It hath been said, Whosoever shall put away his wife, let him give her a writing of divorcement. But I say unto you, that whosoever shall put away his wife, saving for the cause of fornication, causeth her to commit adultery, and whosoever shall marry her that is divorced committeth adultery. (Matthew 5: 31-32)
According to the Church, the attitude of God towards divorce has always been one of ideal vs resignation to the hard reality. The ideal: Man & woman in marriage represent perfection, and constitute a house church of sorts that lives worshipfully, obediently, and in reverence to one another as to God. The reality: Men & women, in their fallen nature, all too often make lousy marriage partners.
The Orthodox Study Bible footnotes this passage: “In contrast to the easy access to divorce under the Mosaic Law, and because of the misuse of divorce in that day, Jesus repeatedly condemns divorce (Matthew 19:8-9) and emphasizes the eternal nature of marriage. The possibility of divorce on the grounds of sexual immorality shows that marriage can be destroyed by sin.
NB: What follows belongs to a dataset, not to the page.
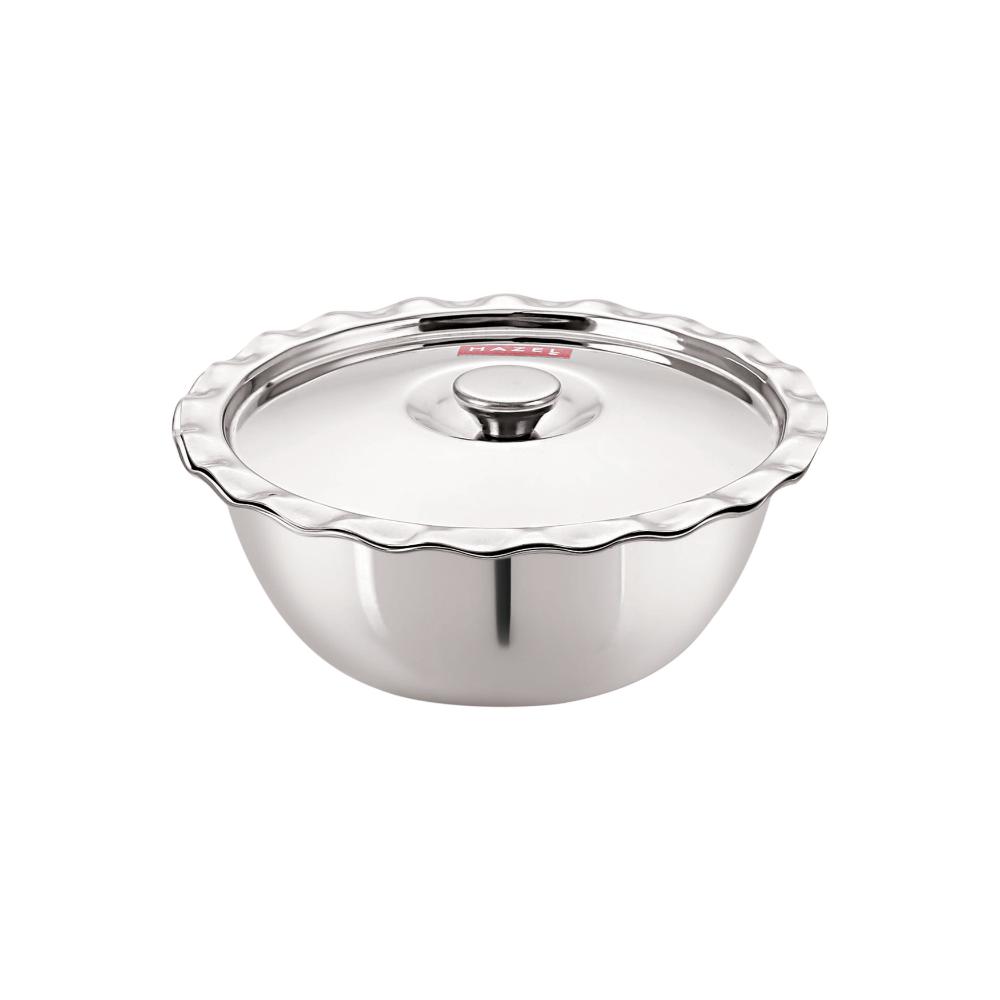 HAZEL Stainless Steel Serving Bowl Wati Vati Katori With Lid, 21 cm, 1300 ML, Silver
While recognizing divorce as a serious sin, the Orthodox Church allows divorce and a second marriage as a concession to human weakness and as a corrective measure of compassion when a marriage has been broken. A third marriage is permitted only under specific, limited circumstances, and a fourth marriage is never permitted.” Sure, it’s permitted, but only under certain circumstances, and as a oikonomia, or an “expression of compassion” of the Church toward sinful man, explained Metropolitan Kallistos Ware.
Christ effectively proscribed divorcing one’s wife for any other reason than fornication. The Church fathers relate the necessity of faithfulness back to the Beatitudes. “For a Christian must be a peacemaker, both towards others and even more so towards his own wife,” says the Blessed Theophylact.
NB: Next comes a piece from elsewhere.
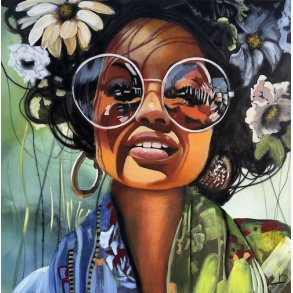 beruset af livet 100x100cm maleri af Naja Duarte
St. John Chrysostom adds, “For he that is meek, and a peacemaker, and poor in spirit, and merciful, how shall he cast out his wife? He that is used to reconcile others, how shall he be at variance with her that is his own?”
In other words, if we are such good Christians, and behave so lovingly and generously towards our church families and throughout our charitable pursuits, should we not be able to act at least that lovingly and generously with our own families?
Pseudo-Chrysostom wrote: “If we ought to bear the burdens of strangers, in obedience to that of the Apostles, ‘Bear ye one another’s burdens,’ (Galatians 6:2) how much more that of our wives and husbands? The Christian husband ought not only to keep himself from any defilement, but to be careful not to give others occasion of defilement; for so is their sin imputed to him who gave the occasion. Whoso then by putting away his wife gives another man occasion of committing adultery, is condemned for that crime himself.”
He is reflecting on the causative nature of this passage — that if we divorce our wives, we are placing them into a position of vulnerability to sin, and thus we will held liable for that sin ourselves.
We live in an age where commitment is hard to come by and where for ever way in, there is a way out. (Of course, in the Orthodox Church, marriage is a sacrament in which two persons and their children help each other towards salvation, thus it is not a way in or out, but up.) In a consumerist world, anything that is purchased can be returned. Not so with marriage, saith the Lord!
So then, let us divorce the mere notion of divorce — that we can put away what God has joined together. Let us focus instead on tearing ourselves away from the things of this world that implant those evil imaginings that nothing is truly sacred and thus can be jettisoned by whatever impulse should take us.